I hurried over to where Jenny surveyed a straight row of large, gray stones, roughly cubicle. At the row’s end, another stone lay at a right angle to it.
“This wall goes through here,” she said, indicating a mound covered in brush, “and up that hill.”
Another stone, similar to the others, clung to the slope.
“A building of some kind?” I said.
“You see the size of the stones. If a stone is heavier than what two men can carry, it’s probably ancient.”
I didn’t see how enough men could even get around one of those stones to carry it.
“Ancient? You mean Roman?”
“Or earlier. It’s hard to say.
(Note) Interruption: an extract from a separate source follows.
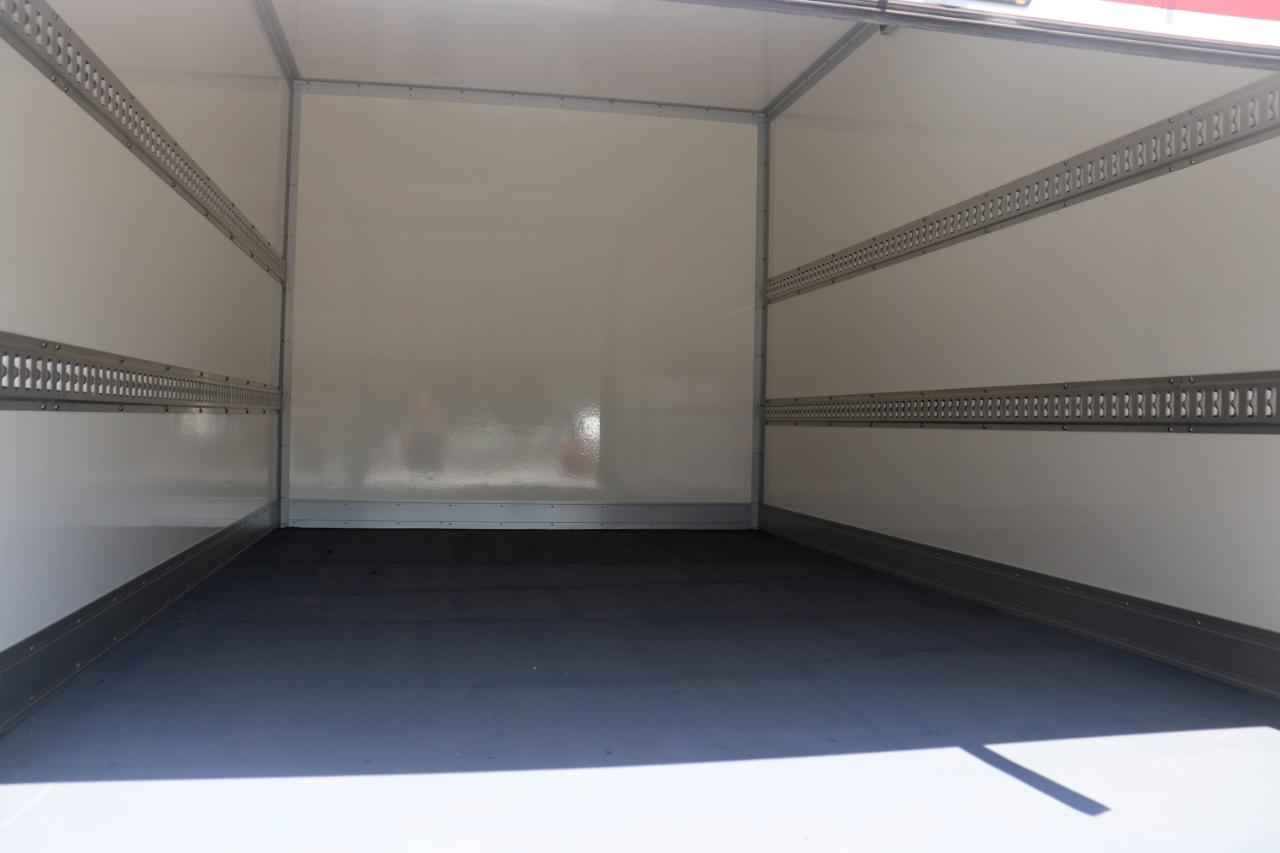 RAM 5500 Chassis Cab Tradesman 4x2 Reg Cab 108" CA 192.5" WB 2024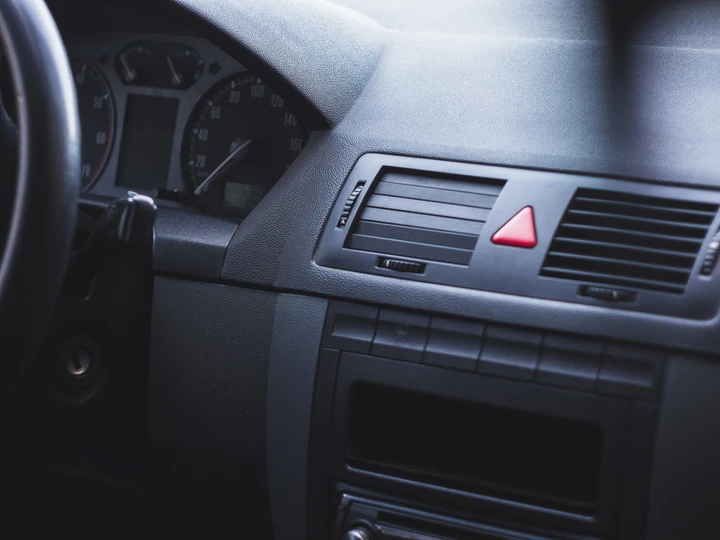 Come rinnovare le plastiche scolorite dell’auto con un trattamento semplice ed efficace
If we could find some pottery, we might be able to narrow down the period.”
“I saw something interesting on the way over here.”
Jenny’s eyes lit up, and I started back the way I came.
On the slope beneath the shrub again, I stood on a flat rock at the edge of the precipice. I pulled a camera from my pocket and took a photograph of the object. I hoped I wasn’t taking a picture of a nicely shaped dirt clod in situ. Then I picked it from crumbling dirt. The curve was as long as a hand. Three edges were jagged. The unbroken edge, rounded and smooth. Even an amateur eye could discern the lip of a jar or a vase. I handed it to Jenny.
Examining the potsherd, she pointed with a pinkie. “The coarse, white fragments tell us it’s Minoan. And you’re standing on a threshold stone.”
I looked at my feet. The flat rock was a long rectangle, the top smooth. The middle was indented, worn by years of passage.
Jenny said, “There, more potsherds.”
I followed her eyes just up the slope. The ground was encrusted with them, like fish scales.
As we made our way back down the slope, Jenny pointed out more potsherd-strewn patches. From one such patch, she lifted a small, oblong piece, blunt on one end, capped with a flat piece on the other.
She held it between thumb and forefinger. “This is one foot of a cooking pot.”
I had seen the three-footed pots in museums. They had handles on two sides and a cover.
“People lived here,” she said. “The stone walls we saw could have been a farm house or a villa. Because the ancient road passes so close, it was probably here long before the Romans.”
Now I just call it the Rodopou Road.
Potsherd found near the ancient road.
“The coarse, white fragments tell us it’s Minoan.”